Le 30 avril 2024, Monsieur le directeur du centre hospitalier [6] a saisi le juge des libertés et de la détention afin qu’il soit saisi conformément aux dispositions des articles L. 3211-12-1 et suivants du code de la santé publique.
Par ordonnance du 2 mai 2024, le juge des libertés et de la détention de Pontoise a ordonné le maintien de la mesure de soins psychiatriques sous forme d’hospitalisation complète.
Appel a été interjeté le 3 mai 2024 par Monsieur [E] [G].
Monsieur [E] [G], l’établissement [6] et Madame [F] [G] ont été convoqués en vue de l’audience.
Le procureur général représenté par Corinne MOREAU, avocate générale, a visé cette procédure par écrit le 6 mai 2024, avis versé aux débats.
L’audience s’est tenue le 10 mai 2024 en audience publique.
A l’audience, bien que régulièrement convoqués, le centre hospitalier [6] et Madame [F] [G] n’ont pas comparu.
Le conseil de Monsieur [E] [G] a soulevé des irrégularités relatives à l’absence de caractérisation du risque d’atteinte à l’intégrité du malade, l’absence de motivation des actes administratifs et le retard de la notification de la décision d’admission. Elle a indiqué que le juge des libertés et de la détention avait statué dans un délai très bref puisque Monsieur [E] [G] a été hospitalisé le 28 avril 2024 à minuit, la décision judiciaire étant du 30 avril 2024.

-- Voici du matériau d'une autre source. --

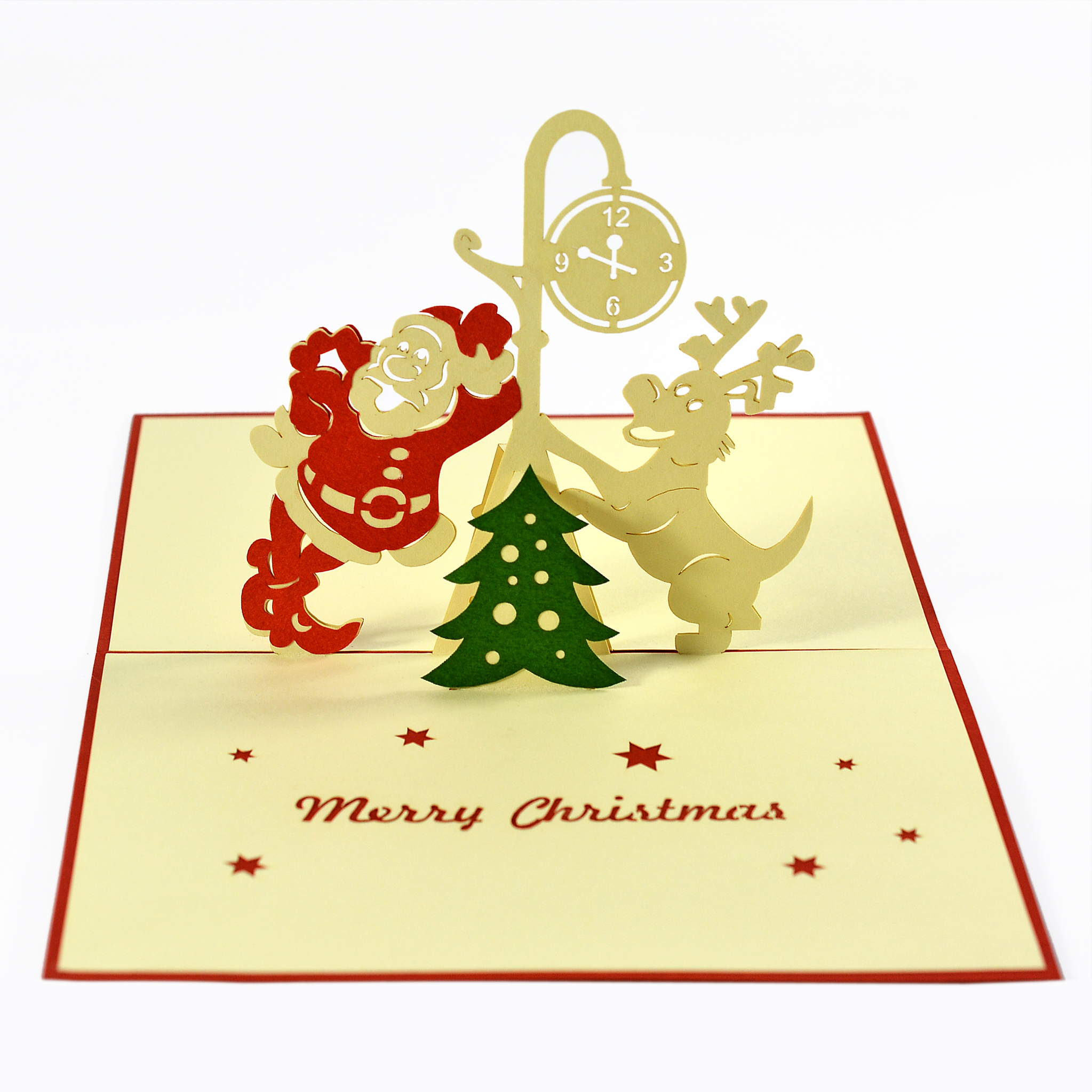 Thiệp nổi 3D handmade Ông già Noel cùng chú &quot;tài xế&quot; tuần lộc đáng yêu- Christmas 3D pop-up card size 12x18cm CN095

Monsieur [E] [G] a été entendu en dernier et a dit qu’il avait été terrorisé par les 6 sapeurs-pompiers d’1m90 qui étaient intervenus à son domicile, qu’il avait hurlé « au secours », que c’était ça qu’ils appelaient des troubles du comportement, qu’il ne se sentait persécuté par personne, qu’il aimait tous les êtres humains, qu’il était plutôt habité par l’amour, qu’il était chrétien protestant, qu’il aimait même ses ennemis, que ce n’était pas l’hospitalisation qui était pénible mais la contrainte, qu’en dépit du fait que les soins lui faisaient du bien, il voulait être hospitalisé en libre, que ses troubles psychologiques étaient dus à une persécution, qu’il avait dénoncé un harcèlement moral et une fraude fiscale contre son employeur, qu’il faisait l’objet de mesures de rétorsion, qu’il était ingénieur logiciel travaillant à distance pour la société Capteev, qu’il ne retenait aucun grief contre son épouse, qu’elle avait bien fait de l’hospitaliser, que les soins lui avaient permis de retrouver ses facultés mentales et que la cour était témoin qu’il s’exprimait comme un homme avec un esprit sain.
L’affaire a été mise en délibéré.
Sur la recevabilité de l’appel
L’appel a été interjeté dans les délais légaux et il est motivé. Il doit être déclaré recevable.
Sur les irrégularités soulevées
Il convient de préciser que Monsieur [E] [G] a été hospitalisé le 28 avril 2024 à minuit, qu’il a été vu par un médecin dans les 24 heures de son hospitalisation et par un autre avant le délai de 72 heures, que le juge des libertés et de la détention a été saisi avant l’expiration d’un délai de 8 jours et qu’il a statué dans son délai. Même si le délai entre l’admission et l’ordonnance entreprise est court, il n’est constaté aucune irrégularité.
Sur le défaut de caractérisation du risque d’atteinte grave à l’intégrité du malade
L’article L. 3212-3 du code de la santé publique prévoit qu’en cas d’urgence, lorsqu’il existe un risque grave d’atteinte à l’intégrité du malade, le directeur d’un établissement mentionné à l’article L. 3222-1 peut, à titre exceptionnel, prononcer à la demande d’un tiers l’admission en soins psychiatriques d’une personne malade au vu d’un seul certificat médical émanant, le cas échéant, d’un médecin exerçant dans l’établissement. Dans ce cas, les certificats médicaux mentionnés aux deuxième et troisième alinéas de l’article L. 3211-2 sont établis par deux psychiatres distincts.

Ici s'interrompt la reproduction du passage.